Assignment:
All that should come back is the lines of the data below from the one containing "활기찬 표정으로 힘을" to the one containing "FIRST WAY Luggage", inclusive, exactly as they stand.

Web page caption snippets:

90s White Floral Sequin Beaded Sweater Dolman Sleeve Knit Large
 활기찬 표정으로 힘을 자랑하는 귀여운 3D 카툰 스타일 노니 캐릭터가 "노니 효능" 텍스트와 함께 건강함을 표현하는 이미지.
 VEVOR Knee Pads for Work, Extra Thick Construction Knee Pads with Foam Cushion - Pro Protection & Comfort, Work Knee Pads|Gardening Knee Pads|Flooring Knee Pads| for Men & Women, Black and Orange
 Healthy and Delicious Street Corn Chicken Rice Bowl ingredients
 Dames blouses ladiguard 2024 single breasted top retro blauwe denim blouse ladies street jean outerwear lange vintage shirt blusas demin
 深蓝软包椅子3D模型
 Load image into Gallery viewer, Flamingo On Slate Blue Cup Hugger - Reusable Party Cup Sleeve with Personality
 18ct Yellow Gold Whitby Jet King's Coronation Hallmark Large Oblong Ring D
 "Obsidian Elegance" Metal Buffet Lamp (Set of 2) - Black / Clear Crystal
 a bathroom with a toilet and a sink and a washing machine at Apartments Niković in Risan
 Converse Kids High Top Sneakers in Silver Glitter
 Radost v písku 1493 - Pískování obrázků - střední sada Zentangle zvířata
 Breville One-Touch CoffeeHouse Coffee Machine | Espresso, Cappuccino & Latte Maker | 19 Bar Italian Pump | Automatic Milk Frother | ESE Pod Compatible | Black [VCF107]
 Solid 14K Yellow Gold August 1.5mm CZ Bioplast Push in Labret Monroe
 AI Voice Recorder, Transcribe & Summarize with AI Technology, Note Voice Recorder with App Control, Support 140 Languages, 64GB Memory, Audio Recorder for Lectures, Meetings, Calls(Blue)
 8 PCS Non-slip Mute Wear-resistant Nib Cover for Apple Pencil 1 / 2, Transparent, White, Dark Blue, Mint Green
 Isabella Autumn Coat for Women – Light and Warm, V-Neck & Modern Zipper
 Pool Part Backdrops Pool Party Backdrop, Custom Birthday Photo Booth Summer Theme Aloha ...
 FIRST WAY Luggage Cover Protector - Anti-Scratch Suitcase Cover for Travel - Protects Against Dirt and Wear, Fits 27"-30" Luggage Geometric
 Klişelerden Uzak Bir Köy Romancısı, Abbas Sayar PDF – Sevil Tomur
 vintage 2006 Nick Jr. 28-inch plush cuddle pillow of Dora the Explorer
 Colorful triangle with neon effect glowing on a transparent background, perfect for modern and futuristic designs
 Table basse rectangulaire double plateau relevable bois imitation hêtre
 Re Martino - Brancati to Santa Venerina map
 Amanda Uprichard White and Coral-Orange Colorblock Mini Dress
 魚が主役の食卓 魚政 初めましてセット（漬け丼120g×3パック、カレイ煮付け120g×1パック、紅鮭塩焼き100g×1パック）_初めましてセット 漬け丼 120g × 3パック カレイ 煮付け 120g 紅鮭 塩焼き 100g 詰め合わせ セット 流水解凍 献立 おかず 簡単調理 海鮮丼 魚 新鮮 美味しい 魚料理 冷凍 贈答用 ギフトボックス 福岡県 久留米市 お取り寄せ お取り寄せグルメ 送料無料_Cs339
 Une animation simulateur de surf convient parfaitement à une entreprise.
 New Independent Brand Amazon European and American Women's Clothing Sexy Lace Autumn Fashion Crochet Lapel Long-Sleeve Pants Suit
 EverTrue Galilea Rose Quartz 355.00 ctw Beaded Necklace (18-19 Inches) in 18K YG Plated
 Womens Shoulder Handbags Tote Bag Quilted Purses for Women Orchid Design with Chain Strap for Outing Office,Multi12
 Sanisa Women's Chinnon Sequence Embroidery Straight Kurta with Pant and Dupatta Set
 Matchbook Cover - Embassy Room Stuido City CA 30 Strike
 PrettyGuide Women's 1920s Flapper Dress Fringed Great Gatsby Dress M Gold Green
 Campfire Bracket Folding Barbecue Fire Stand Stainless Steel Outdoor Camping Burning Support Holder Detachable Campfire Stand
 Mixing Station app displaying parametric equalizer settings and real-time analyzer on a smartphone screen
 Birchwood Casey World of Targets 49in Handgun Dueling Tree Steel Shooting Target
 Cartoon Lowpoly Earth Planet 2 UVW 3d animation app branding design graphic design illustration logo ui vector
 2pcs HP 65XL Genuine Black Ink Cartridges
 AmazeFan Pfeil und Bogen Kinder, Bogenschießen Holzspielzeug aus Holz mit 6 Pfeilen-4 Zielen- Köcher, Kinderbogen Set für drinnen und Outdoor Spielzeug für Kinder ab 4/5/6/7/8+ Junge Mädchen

Answer section:
 활기찬 표정으로 힘을 자랑하는 귀여운 3D 카툰 스타일 노니 캐릭터가 "노니 효능" 텍스트와 함께 건강함을 표현하는 이미지.
 VEVOR Knee Pads for Work, Extra Thick Construction Knee Pads with Foam Cushion - Pro Protection & Comfort, Work Knee Pads|Gardening Knee Pads|Flooring Knee Pads| for Men & Women, Black and Orange
 Healthy and Delicious Street Corn Chicken Rice Bowl ingredients
 Dames blouses ladiguard 2024 single breasted top retro blauwe denim blouse ladies street jean outerwear lange vintage shirt blusas demin
 深蓝软包椅子3D模型
 Load image into Gallery viewer, Flamingo On Slate Blue Cup Hugger - Reusable Party Cup Sleeve with Personality
 18ct Yellow Gold Whitby Jet King's Coronation Hallmark Large Oblong Ring D
 "Obsidian Elegance" Metal Buffet Lamp (Set of 2) - Black / Clear Crystal
 a bathroom with a toilet and a sink and a washing machine at Apartments Niković in Risan
 Converse Kids High Top Sneakers in Silver Glitter
 Radost v písku 1493 - Pískování obrázků - střední sada Zentangle zvířata
 Breville One-Touch CoffeeHouse Coffee Machine | Espresso, Cappuccino & Latte Maker | 19 Bar Italian Pump | Automatic Milk Frother | ESE Pod Compatible | Black [VCF107]
 Solid 14K Yellow Gold August 1.5mm CZ Bioplast Push in Labret Monroe
 AI Voice Recorder, Transcribe & Summarize with AI Technology, Note Voice Recorder with App Control, Support 140 Languages, 64GB Memory, Audio Recorder for Lectures, Meetings, Calls(Blue)
 8 PCS Non-slip Mute Wear-resistant Nib Cover for Apple Pencil 1 / 2, Transparent, White, Dark Blue, Mint Green
 Isabella Autumn Coat for Women – Light and Warm, V-Neck & Modern Zipper
 Pool Part Backdrops Pool Party Backdrop, Custom Birthday Photo Booth Summer Theme Aloha ...
 FIRST WAY Luggage Cover Protector - Anti-Scratch Suitcase Cover for Travel - Protects Against Dirt and Wear, Fits 27"-30" Luggage Geometric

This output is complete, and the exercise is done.